It is raining cats and dogs. Even worse than that. It is pouring down. The thunder is loud and just around the corner. I am in Bangkok, inside and it is cozy.
I must have been very tired since I slept for 11 hours. I share the mixed dorm with 4 young chinese guys. They are very polite and only one of them knows English enough to have a sort of conversation but one can sense that they are all the only child in their family. Not spoiled, they do their washing and are very capable. I have seen the dorms chinese students live in so in. Different standard. Anyway, my roommates are not the most quiet ones but I had no trouble sleeping.

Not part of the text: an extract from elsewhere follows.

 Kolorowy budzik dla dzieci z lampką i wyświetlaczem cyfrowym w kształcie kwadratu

Late morning, but well deserved sleep so I decided to extend my stay here until Sunday. So what to do today?
As I told you yesterday I love markets. Not for the shopping but for the photo opportunities. Street photo is a passion. I always have been very observant on what people around me are doing so that part of street photography was the easy one. Anyway, markets, today I aimed for the vegetable and flower market. They are very close to each other.
The map said the 5.4 kilometres would take me 1.15 hours to walk. So I started walking. After one hour I realised I was hungry. No wonder since I forgot to have breakfast. I stopped by one of the mobile restaurants and had vegetable soup and rice. A simple but extremely tasty dish. Onward. I skipped the busy roads and tried to stick to the alleys when possible.

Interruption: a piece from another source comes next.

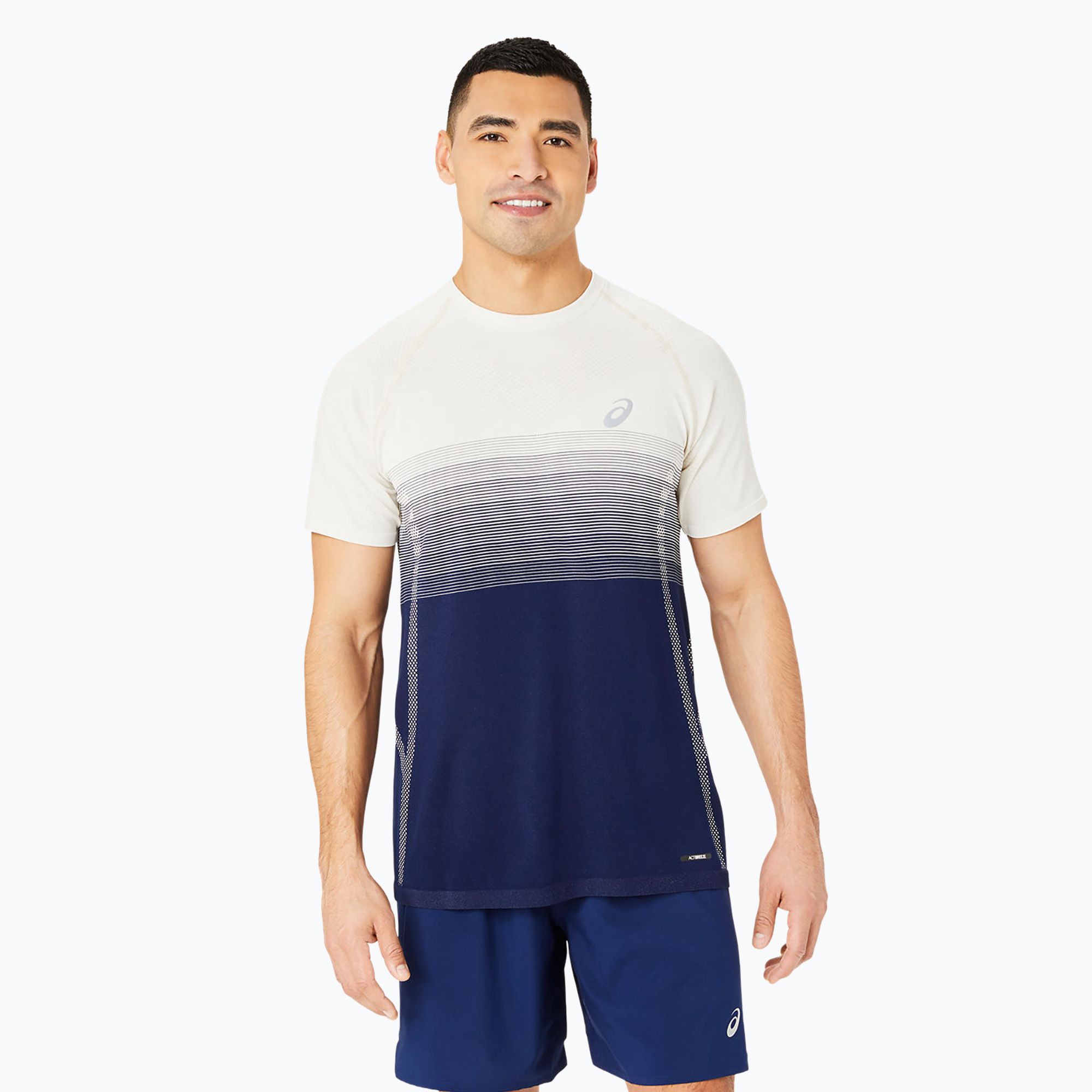 Koszulka do biegania męska ASICS Seamless birch/blue expanse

That is where the people have their day to day life. All the tiny shops, street markets, street restaurants. Street life in other words. A lot of people actually live big part of their lives on the sidewalk. The sidewalk is either their living room, porch, bedroom of a sort, children make their homework there, grannies take a nap there, some just sit down and read the paper. I love this street life.
At the same time I can’t stop wondering how they cope with the traffic and the noise. I have been in cities with even heavier traffic and I was as puzzled then as I am now.
Finally I reached the river Chao Phraya. Cities with closeness to water appeals to me. I saw three tug boats towing tre enormous conjoined flatboats. The tug boats sounded as if they were struggling with the weight.
The flower market was wonderful, I never found the vegetable market, I passed the hardware district, I passed street markets were they sold everything from pills to you name it.
I walked 14,5 kilometres in 5 hours, I had 2 delicious meals and my knee almost killed me at the end but I feel happy.